When Annette Kellerman stepped out onto Revere Beach, Massachusetts in 1907 wearing a one-piece bathing suit that ended in shorts above her knees, her legs caused a scandal. Police were called, and she was arrested for indecency.
Those legs had also made her famous: The Australian swimmer held all the world records for women’s swimming in 1905. She was a vaudeville star with an act full of high dives and underwater ballet. Newspapers hailed her as “The Original Mermaid.’’

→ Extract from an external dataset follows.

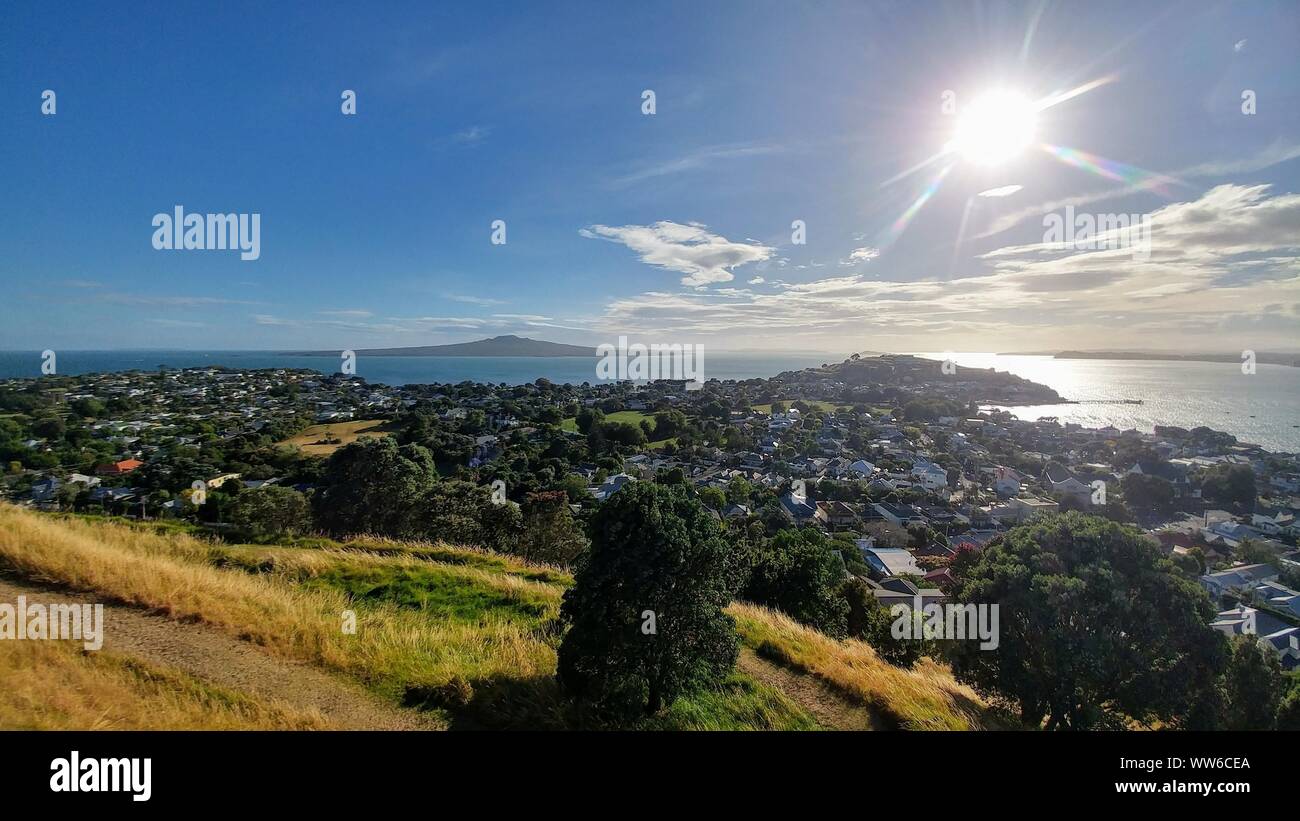 View of city and island on the horizon of Mount Victoria, New Zealand Stock Photo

But Victorian-era vacationers didn’t care to feel the sea or sun on their skin. In the early 1900s, women waded into the water in black, knee-length, puffed-sleeved wool dresses worn over bloomers with long black stockings, bathing slippers, and even ribboned swim caps. Kellerman may have been thoroughly covered, but to her fellow bathers, she may as well have been naked.
|A 1953 Boston Sunday Globe article about Annette Kellerman. (The Boston Globe)|
“Me, arrested!” Kellerman said in a 1953 Boston Sunday Globe article recalling the 1907 incident. “We were all terribly shocked, especially my father, for I was his innocent protected little girl. But the judge was quite nice and allowed me to wear the suit if I would wear a full-length cape to the water’s edge.”
“My arrest in Boston, which hit the headlines in America, was really a mistake, too,’’ Kellerman said. “I was scheduled for a 13-mile meet in Boston and went to Revere Beach to train. There were ladies there in the fantastic beach costumes of the time, dresses, underwear, corsets, shoes complete to two antimacassars on their heads.”